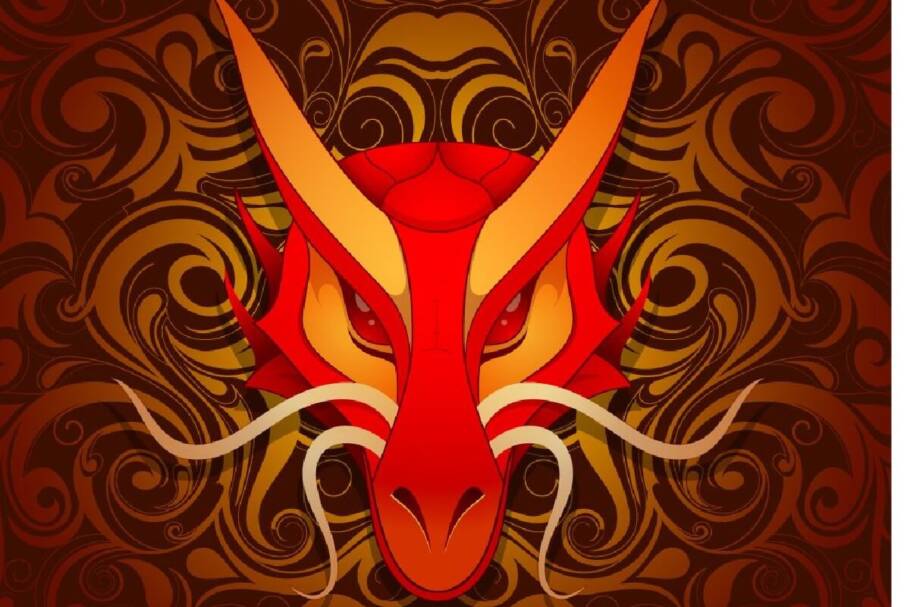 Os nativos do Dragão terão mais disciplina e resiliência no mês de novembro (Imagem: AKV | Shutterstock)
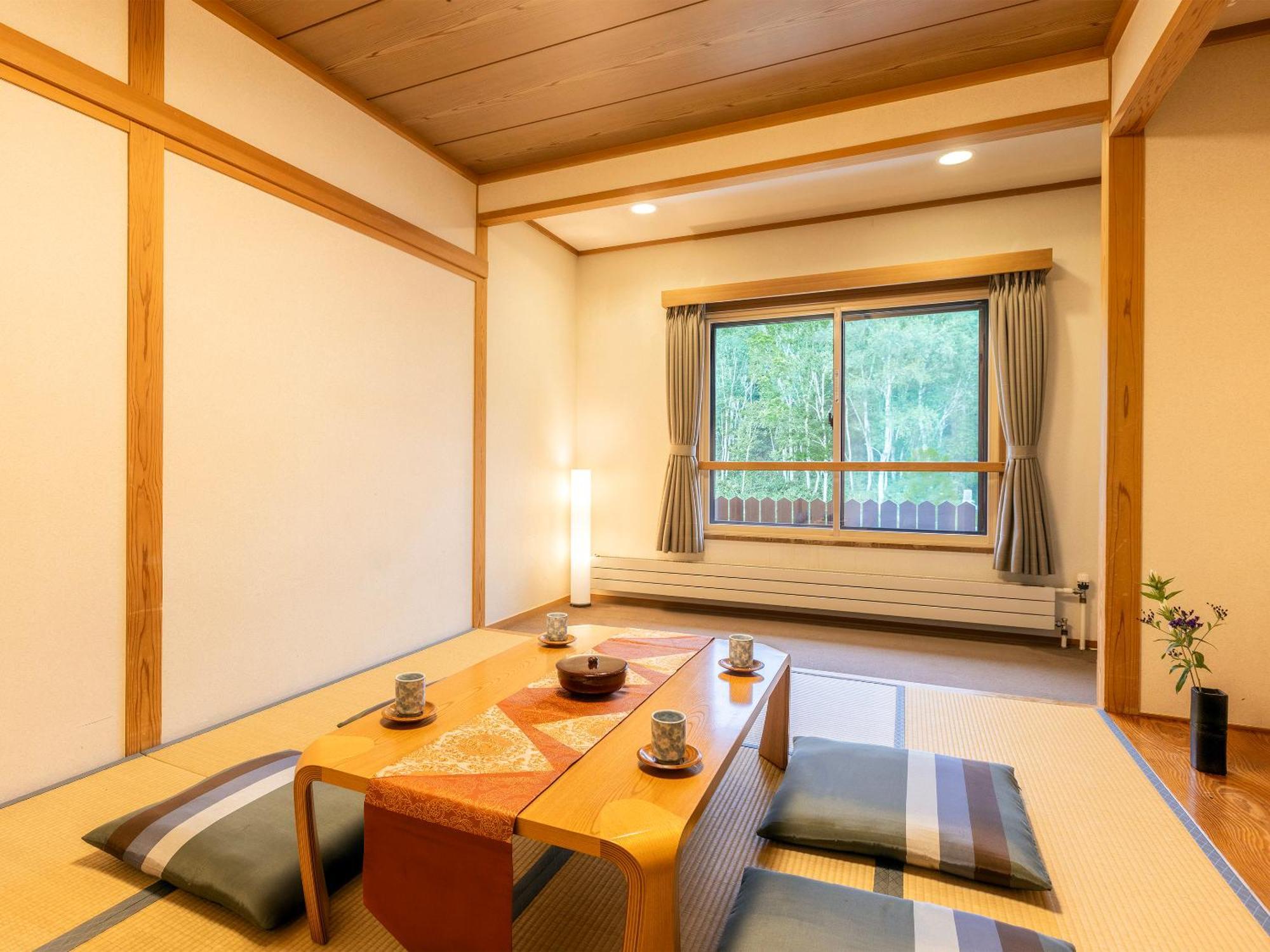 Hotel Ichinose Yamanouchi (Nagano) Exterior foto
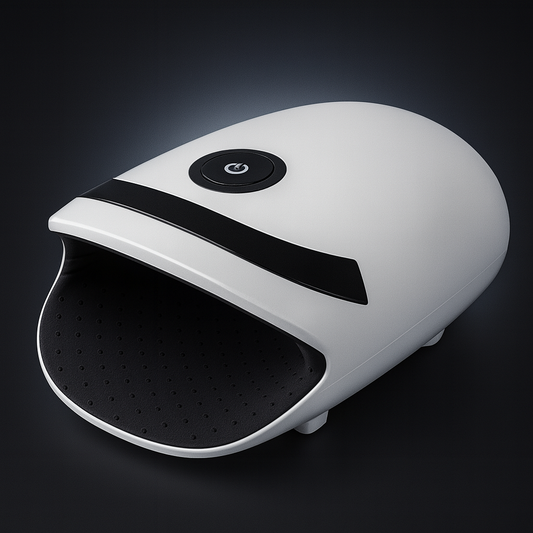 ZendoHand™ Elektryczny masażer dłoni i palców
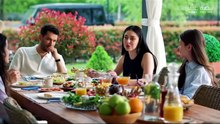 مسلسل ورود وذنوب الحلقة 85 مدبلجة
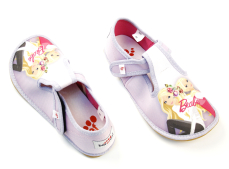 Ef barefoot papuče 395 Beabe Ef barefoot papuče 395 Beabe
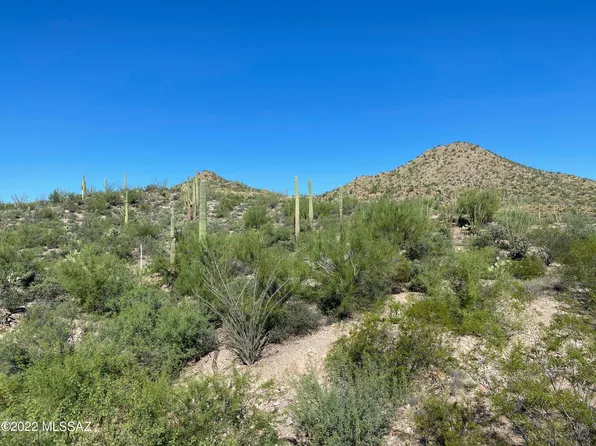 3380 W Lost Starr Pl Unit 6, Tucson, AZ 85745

• **Work instruction**:
Beginning with the line that contains "مسلسل ورود وذنوب الحلقة 85 مدبلجة", write out every line through the last one in the records, exactly and without pictures.

• **Answer to this exercise**:
 مسلسل ورود وذنوب الحلقة 85 مدبلجة
 Ef barefoot papuče 395 Beabe Ef barefoot papuče 395 Beabe
 3380 W Lost Starr Pl Unit 6, Tucson, AZ 85745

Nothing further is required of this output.